44C’est des premières décennies du XIIIe siècle que date la chronique florentine la plus ancienne, en latin, que le juge florentin Sanzanome a rédigée pour la période 1125-1231. Et tout au long du XIIIe siècle se succéderont à Florence de nombreuses œuvres en italien. D’abord créées sur des canevas chronologiques universels en latin, inlassablement recopiés et traduits (le Chronicon de Martin de Troppau en particulier, parfois les Gesta Imperatorum et Pontificum de Thomas Tuscus), elles suivent de près la succession des Papes et des Empereurs. Elles seront ensuite, progressivement et de plus en plus, centrées sur l’histoire de Florence, selon une méthode de composition qui ne varie guère dans ses grandes lignes. Selon les manuscrits et les versions, et en fonction de la technicité du travail accompli par le copiste ou le traducteur, qui s’improvisait également chroniqueur, les informations nouvelles concernant Florence étaient insérées, modestement d’abord, par des notes marginales ou interlinéaires, que d’autres se chargeaient par la suite d’interpoler franchement dans le texte. Et lorsque le canevas faisait défaut, au-delà de 1268, les faits de Florence prenaient sa place jusqu’à constituer le sujet principal de l’écrit, auquel la chronique universelle ne servait plus que d’introduction, par une sorte de recentrage géographique, polarisant l’intérêt autour d’un lieu unique et délimité qui devenait l’élément essentiel du récit. De nombreuses œuvres ont ainsi vu le jour, pour la plupart anonymes (le Codex Neapolitanus, la chronique faussement attribuée autrefois à Brunetto Latini, celle du manuscrit Orsucci de Lucques), dont beaucoup sont aujourd’hui encore à l’état de manuscrits.

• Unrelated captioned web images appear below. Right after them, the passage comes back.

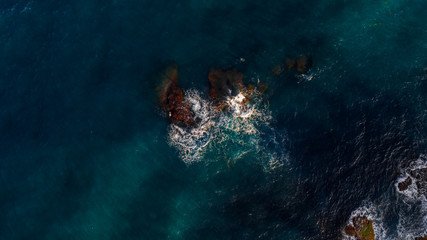 waves hitting two small rocks in top view , mediterranean sea , Spain , aerial view 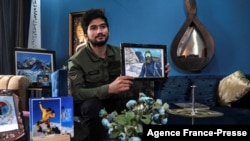 Pendaki gunung termuda Pakistan, Shehroze Kashif memegang potretnya selama wawancara dengan AFP di rumahnya di Lahore, 16 November 2021. (Arif ALI / AFP)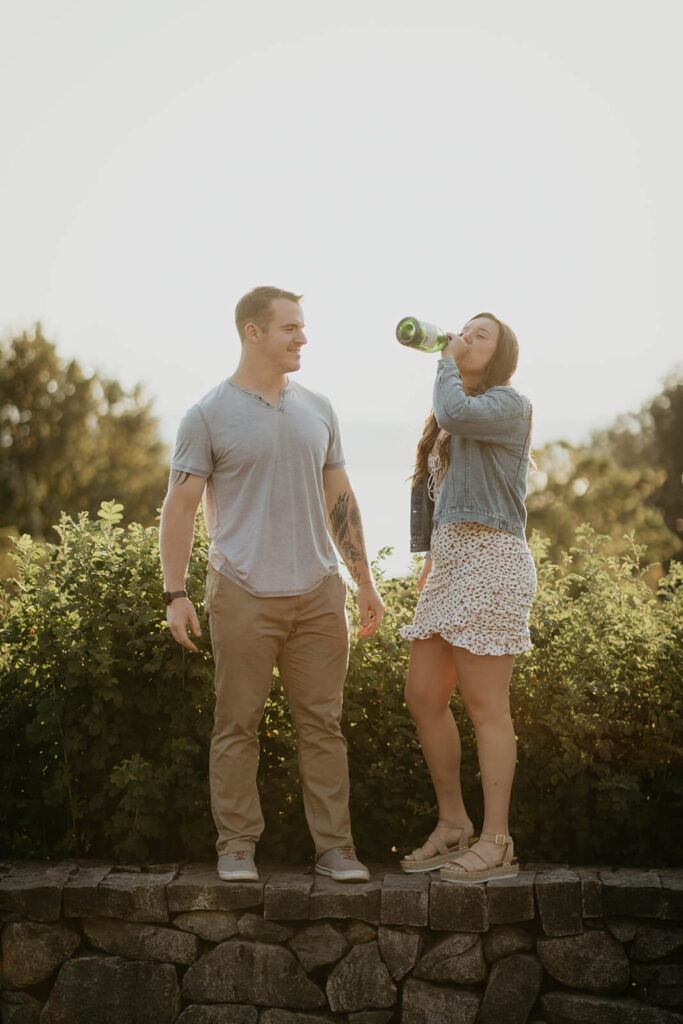 Woman drinking from champagne bottle at Seattle engagement photo session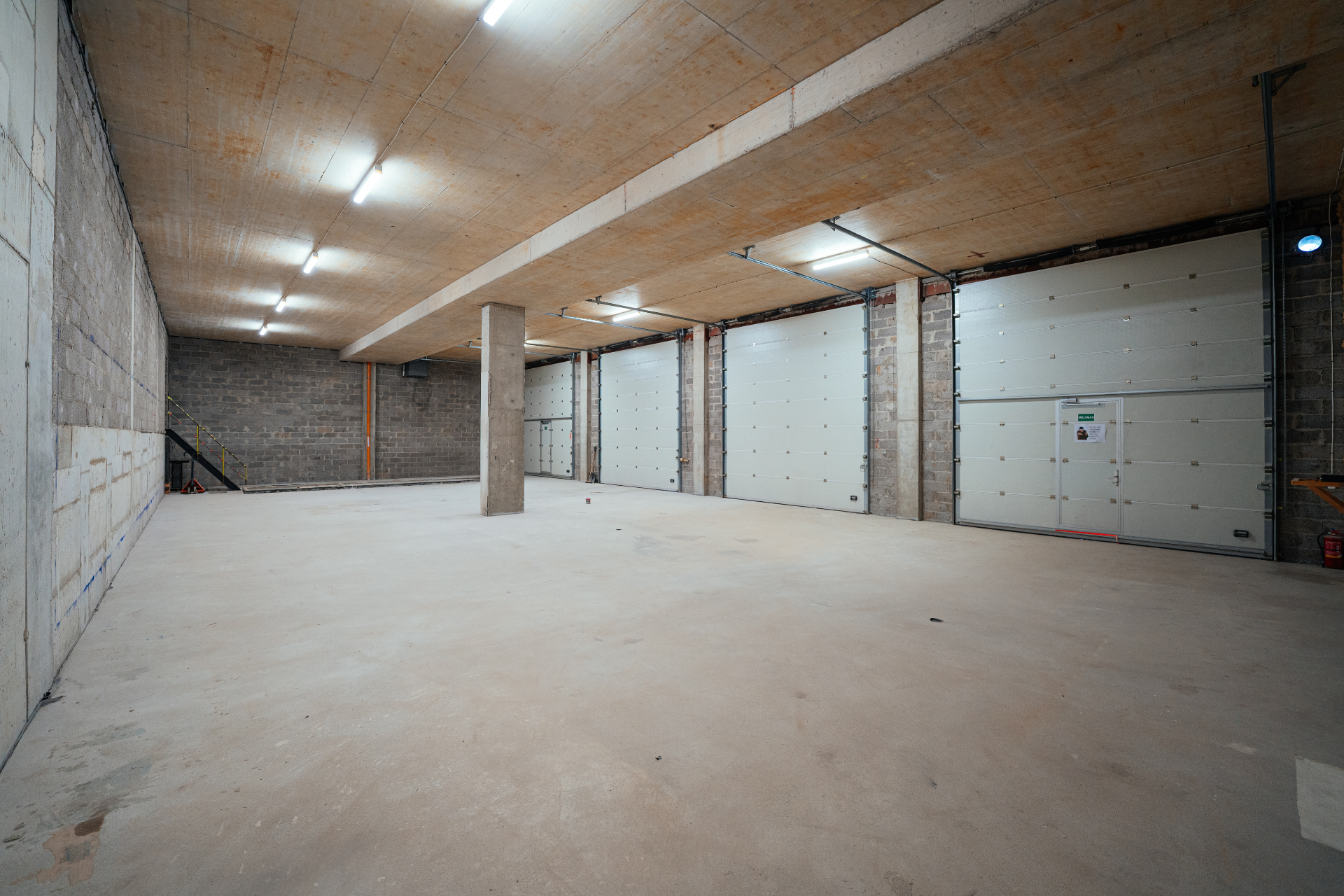 Covered garage with multiple large access doors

45Par ailleurs, en ce qui concerne les informations d’histoire florentine que ces œuvres comportent, et de manière de plus en plus étoffée en passant du XIIe au XIIIe siècle, elles sont dues, le plus souvent, à un archétype, aujourd’hui perdu, allant de 1080 à 1280, que la plupart des chroniqueurs florentins jusqu’au XIVe siècle inclus ont utilisé. Dans ces Gesta Florentinorum, plus élaborés que les premières annales, la réalité est transfigurée par l’enthousiasme que soulèvent la conquête de l’autonomie et l’affirmation de puissance. Ainsi en va-t-il (pour n’évoquer que des œuvres qui peuvent offrir un nom d’auteur même si parfois on ne sait guère de lui que ce que le texte nous apprend) de la Storia fiorentina de Ricordano Malispini, de la Cronica delle cose d’Italia de Paolino Pieri, des Annali de Simone dalla Tosa, de la Nuova Cronica de Giovanni Villani, de la Cronaca fiorentina de Marchionne di Coppo Stefani.
46La tendance générale de l’historiographie florentine qui aboutira à l’œuvre imposante de Giovanni Villani, contemporain de Dino Compagni, est alors de rassembler, par compilation et enrichissement d’œuvres précédentes, le plus grand nombre possible d’informations. Qu’il s’agisse d’informations de nature proprement historique, ou bien de récits légendaires lorsque les premières font défaut. Les œuvres tendent ainsi à constituer une histoire organique de Florence, empreinte de fierté communale, visant à totaliser la somme des expériences antérieures, et répondant à la volonté de conserver une mémoire, qui prend les couleurs d’une épopée citadine et permet de forger une identité collective. Et c’est dans un tel ensemble que la tranche d’histoire, très délimitée et très orientée, que propose l’œuvre de Dino Compagni, trouve sa spécificité et son originalité.